FOUR Mandaluyong City police officers were ordered by the Office of the Ombudsman to answer the complaint for illegal arrest and arbitrary detention filed by a Japanese businessman who cried harassment.
Businessman Shuichi Tajima, an electric tricycles (e-trikes) supplier who holds a permanent resident visa in the country, said he was arrested without a warrant on June 9 while he was at the office of his local business partners.
He was detained overnight at the police station and released upon orders of the prosecutor’s office.
The Office of the Deputy Ombudsman for the Military and other Law Enforcement Offices, headed by Cyril Ramos, found merit in Tajima’s complaint and directed the four policemen and at least four other individuals to answer the allegations.
Tajima filed the complaint against Insp.
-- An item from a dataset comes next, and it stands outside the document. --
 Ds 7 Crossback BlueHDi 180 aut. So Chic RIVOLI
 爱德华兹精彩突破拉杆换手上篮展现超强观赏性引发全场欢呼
Jesus Breyner Mansibang, who heads the Criminal Investigation Unit of the Mandaluyong police station, PO3 Elmer Crispin Tatco, and PO1s Zedrik dela Cruz and Robert Ryan Noe.
“You are hereby directed to file within 10 days your counter-affidavit, and those of your witnesses if any, and such other controverting evidence, copy furnished to the complainant (Tajima),” read the Ombudsman order issued by director Dennis Garcia.
Senior assistant provincial prosecutor Leilani Rodriguez ordered the release of Tajima, who was arrested without any warrant and detained for allegedly using an alias, Kawauchi Shinsuke.
In a July 10 resolution, the prosecutor dismissed the case filed against Tajima by his business partner, Guevent Investments Development Corp., over his alleged use of a fictitious name.
The Japanese supplier also included Guevent president Ricardo Guevarra, chief finance officer Robert David Guevarra, security and services manager Rolly Masangkay, lawyer Marcus Valdez II, and two unidentified lawyers in his complaint in the Ombudsman.
Tajima, as representative of Ecos Environment Foundation Inc., signed a business deal with Guevent in 2013. Under their agreement, Ecos will manufacture and supply e-trikes while Guevent will purchase, sell and promote the vehicles.
Tajima said he signed the memorandum of agreement in good faith with Guevent under his other name “for security reasons but not to conceal a crime or to defraud anyone.”
He believed that his arrest by the Mandaluyong police was a ploy to take over his business.
He said his business partners, with the help of the policemen, “concocted a plan to take the business out of the foundation by setting him up or instigating him to commit the alleged crimes so that he could be locked up in jail preparatory to deportation.”
“Apparently Guevent had no intention of really pursuing the MOA as it was more interested in learning and later on grabbing the technology to have the business solely on its own,” he added.